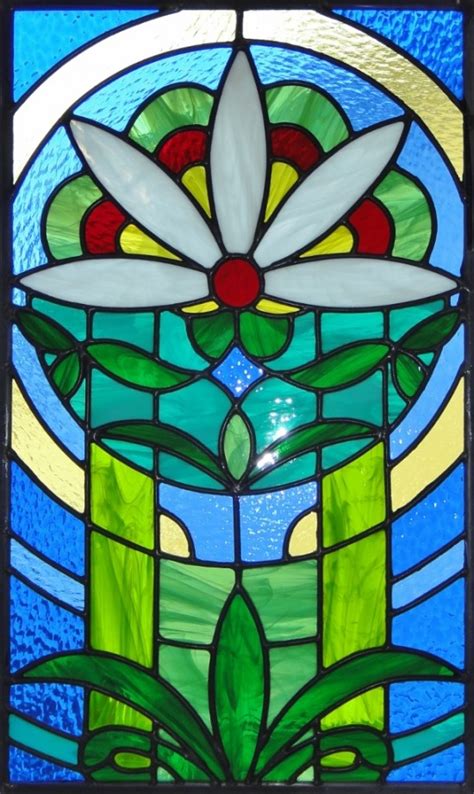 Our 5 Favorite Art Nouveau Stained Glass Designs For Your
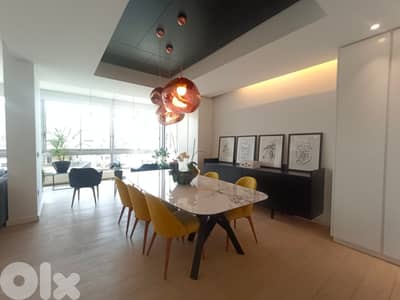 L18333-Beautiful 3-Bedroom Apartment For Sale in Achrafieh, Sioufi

● ● ● ● ●

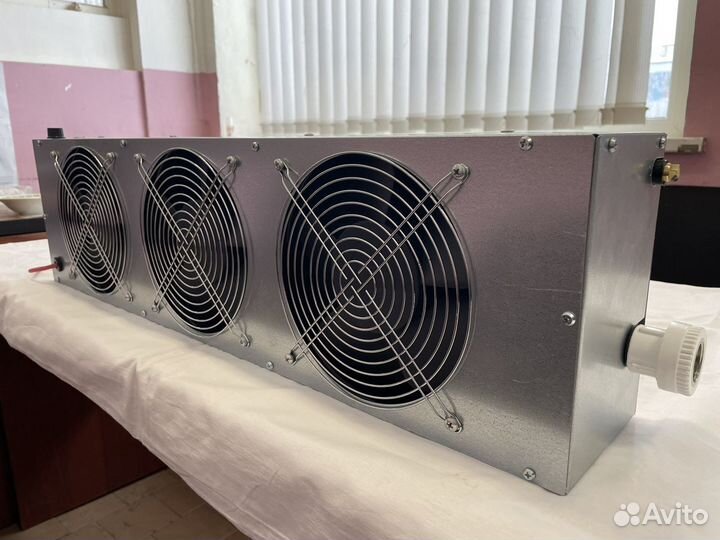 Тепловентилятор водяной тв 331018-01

● ● ● ● ●

### Work to be completed
From the data above, retype only the lines starting with the line with "Our 5 Favorite" and going on through the line with "L18333-Beautiful 3-Bedroom Apartment", exactly, leaving out the pictures.

### Result for this task
 Our 5 Favorite Art Nouveau Stained Glass Designs For Your
 L18333-Beautiful 3-Bedroom Apartment For Sale in Achrafieh, Sioufi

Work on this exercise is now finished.